Wal-Mart is going to be your friend. They have some very suitable plastic plants that are soft enough to use with a betta -- you might need to trim some edges with scissors. One is a largish amazon sword plant ($4) and there are others that are just labelled as small plastic plants. Look for ones that feel nice and soft, and don't have sharp bits. 

You can get aquarium salt there (Jungle brand) for about $3 and also a glass thermometer with suction cup for $1.50.

A good adjustable heater will run you close to $30 and you can't get that kind at wal-mart but they do have non-adjustable ones for about $17. Not ideal, but they will do.

As for tanks, you can get an AquaCulture 360 degree view aquarium (3 gallons) including light and undergravel filter for $30. Just make sure to examine it carefully before you buy because many crack in transit. There is also a two-gallon version.

In all truth, the best water conditioners (like Prime) and foods are available at places like Petco and Petsmart, and they are fairly cheap.


----------



## pittipuppylove (Feb 23, 2012)

Dunno if it's it's just my local PetSmart or not, but right now they have a 5.5 gallon kit on sale for $27 with a tank, hood, and filter. I got this kit for the hood and tank and got my own filter, but it could definately work for a betta if you baffled it like mad. If you want a smaller tank, Petsmart has a standard 2.5 gallon glass tank and cover (it's not a hood, just a hinged glass cover) for less than $15. After that, Amazon is awesome.


----------



## birdielikestomatoes (May 2, 2012)

Amazon is amazing for finding reliable fish supplies at a decent cost. Here's a list of some stuff that I've found or have been looking at that you might also be interested in.
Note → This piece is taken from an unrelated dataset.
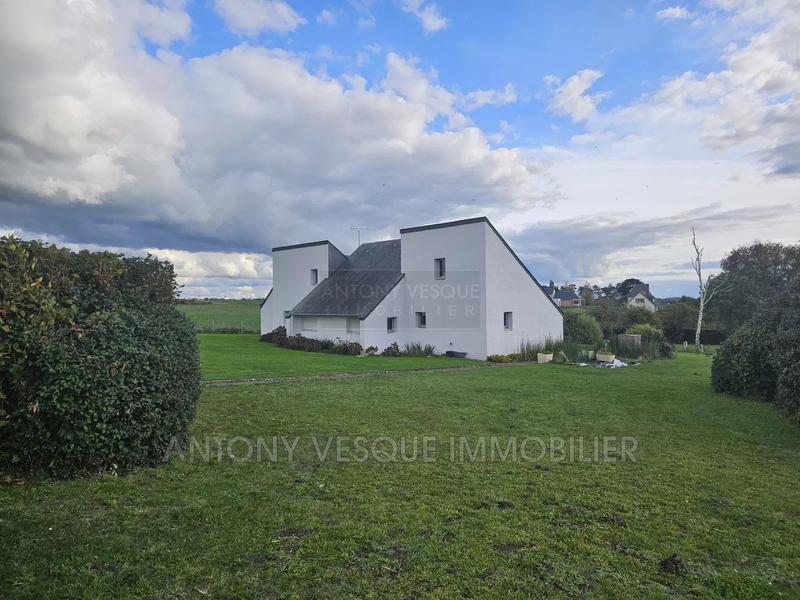 Maison - 180 m² - 6 pièces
*Heater :* http://www.amazon.com/Elite-Submers...TF8&colid=3L352ZOLFBLNM&coliid=I2H4CV3XO7932F I've have the 25w heater in my 5g and it works great.

*Tanks:* http://www.amazon.com/Marina-Style-...?s=pet-supplies&ie=UTF8&qid=1352953850&sr=1-5 It's a 5g kit that also comes with a filter and some other supplies. However I'd buy a different thermometer as the stick ons aren't that great.
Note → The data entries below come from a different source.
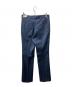Dickies (ディッキーズ) 70-80sフレアワークパンツ ネイビー サイズ:W32 未使用品：13000円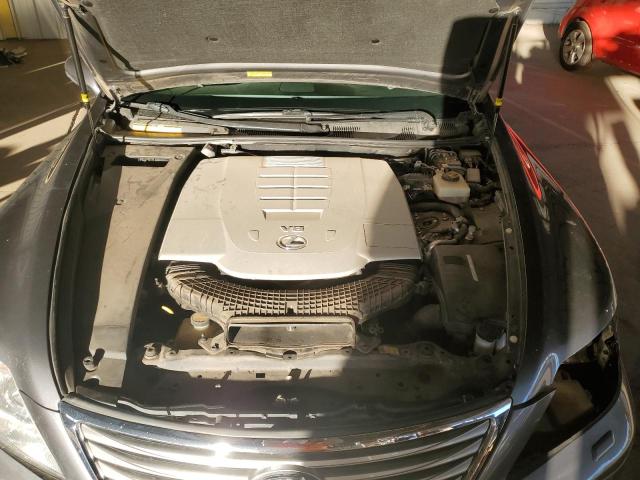 Photo 11 from auction – 2012 LEXUS LS 460 with VIN JTHBL5EF3C5113649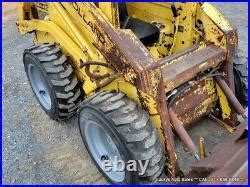 duetz skid steer thread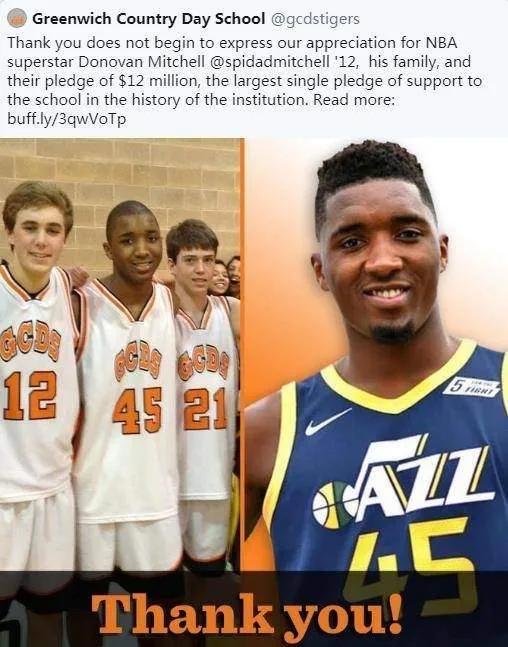 【价格趋势】多诺万，不止是篮球！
http://www.amazon.com/Aquarius-Aq15...&qid=1352953584&sr=1-1&keywords=5+gallon+tank This one also has a filter and it's currently on sale for $30. 

http://www.amazon.com/Tetra-GloFish...s=pet-supplies&ie=UTF8&qid=1352953887&sr=1-46 This one is a 3g. It also has a filter. 

http://www.amazon.com/Aquarius-Aq12...s=pet-supplies&ie=UTF8&qid=1352954651&sr=1-88

To be honest the best tanks are usually the 5-10g in terms of pricing. 

*Water Conditioner:* Prime is the best I've heard. I currently use API tap water conditioner which is a bit cheaper but also works well. And of course there is also API stress coat which is also a water conditioner I believe. 

*Decorations:* Petsmart has better ornamants in my opinion however Petco has a large selection of silk plants. 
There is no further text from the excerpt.